# My X-men



## I<3MyPitties (Sep 20, 2011)

Mystique...4m








Havoc, his first night home...he loved the A/C after being outside in the kennel all his life.








Gambit...my 2yr old reverse brindle baby








Gambit watching TV








Storm...they said she was a Razors Edge/Gotti mix...can you see it?? More like Cow/Bunny Rabbit mix. :rofl: still love her though.








Storm again.


----------



## angelbaby (Feb 4, 2010)

I<3 cow dogs  , very nice bunch you have there


----------



## APBT4LYFE (Jun 19, 2011)

nice pups


----------



## Chevys And Pitties (Jul 24, 2011)

Just realized that all your dogs are X-Men theme named... this is probably the 3rd time that I've looked at these pics... and just now realized what the title of the thread is...
:facepalm:









^^X-men themed facepalm for ya!!! lol


----------



## Aireal (Jul 2, 2010)

Cuuutiesss love your crew!!!


----------



## I<3MyPitties (Sep 20, 2011)

Thank you guys. Those are my babies. Spoiled brats that they are. Just like my kids they are ALL very different personalities.


----------



## I<3MyPitties (Sep 20, 2011)

Chevys And Pitties said:


> Just realized that all your dogs are X-Men theme named... this is probably the 3rd time that I've looked at these pics... and just now realized what the title of the thread is...
> :facepalm:
> 
> 
> ...


loooove that wolverine. tehehe. I refuse to name a pup wolverine because it's just to long, plus I like the less popular characters that it takes you a minute to realize where the name came from. We had a Rogue and a Legion as well, but *cries* parvo struck both of my babies and I wasn't able to save them.


----------



## Chevys And Pitties (Jul 24, 2011)

You need a Big Ol Blue male and name him Hank McCoy... lol


----------



## Black Rabbit (Nov 14, 2009)

Great pics. The X-men crew is adorable


----------



## KMdogs (Apr 22, 2011)

Cute pets, though i must ask you don't keep the prong collar on all the time do you? I would only recommend using it during training exercises or walks if needed.. No longer than 2 - 3 hours at a time..
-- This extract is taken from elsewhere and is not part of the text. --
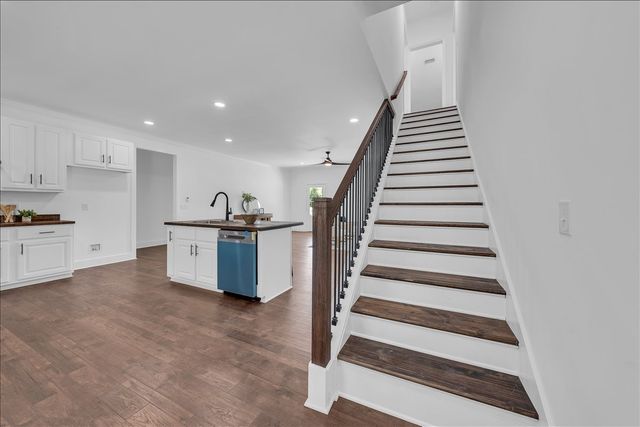 1736 Barker RD, Columbia, TN 38401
Also it looks extremely loose, prongs should not be lose or lay low on the neck, rather they should sit high close to the head.. Here is a link that shows what i mean.. Leerburg | How to fit a Prong Collar

Your new so i don't know if you already know this about prongs or not, however i thought i would mention this incase you didn't.

Otherwise welcome.


----------



## I<3MyPitties (Sep 20, 2011)

Chevys And Pitties said:


> You need a Big Ol Blue male and name him Hank McCoy... lol


We were thinking about a Beast, but the boys are mine and the girls are my hubbies and, well a *blue* fawn is the closest I'll get to blue. I love my browns, honeys, game, brindles etc. Those are my faves.


----------



## I<3MyPitties (Sep 20, 2011)

KMdogs said:


> Cute pets, though i must ask you don't keep the prong collar on all the time do you? I would only recommend using it during training exercises or walks if needed.. No longer than 2 - 3 hours at a time..
> 
> Also it looks extremely loose, prongs should not be lose or lay low on the neck, rather they should sit high close to the head.. Here is a link that shows what i mean.. Leerburg | How to fit a Prong Collar
> 
> ...


Yeah he only uses it outside. It's the only way we can control him. There are to many stray cats in the area...he used to keep it on more because I hate it, and hate taking it on and off him. I know we need it for his safety as well as the other animals outside, but he's my baby and I hate it. My husband gets it on and off him, no problems but I can't.


----------



## MamaTank (Jun 12, 2011)

Adorable pack! Welcome to GPB!


----------



## Didi (Sep 12, 2011)

I love your pups!! They are all so cute, I wish I would have thought about theme names.... maybe if I get more I will use gods/goddess since my dogs name is Luna!!! lol I suppose I could go with Harry Potter too but I couldnt use most of the names for dogs in that series LOL


----------



## performanceknls (Apr 4, 2009)

I LOVE the names! they are a cute bunch  I use to have a Rogue and I always wanted to name a dog Gambit but just never did. :welcome:


----------



## dixieland (Aug 14, 2009)

Cute bunch you have there!thanks for sharing!


----------



## Sucker For A Rednose (Sep 11, 2011)

You have some gorgeous pups;
I'm particularly fond of your cow/bunny 
Very cute!

However,That prong collar is serving no justice sitting where it is as stated above.
It should be tight fitted up around your dogs neck right down below the base of the ears
and tucked near the bottom of the jaw.


----------



## BastienBully (Aug 8, 2011)

Beautiful dogs!!


----------



## I<3MyPitties (Sep 20, 2011)

Sucker For A Rednose said:


> You have some gorgeous pups;
> I'm particularly fond of your cow/bunny
> Very cute!
> 
> ...


Well that's where it sits when he's on a leash, but It's very difficult to get off and on so I can only imagine if it were smaller I don't think it would get over his head. yikes... I was against it at first but its much easier to control him on the leash with it.


----------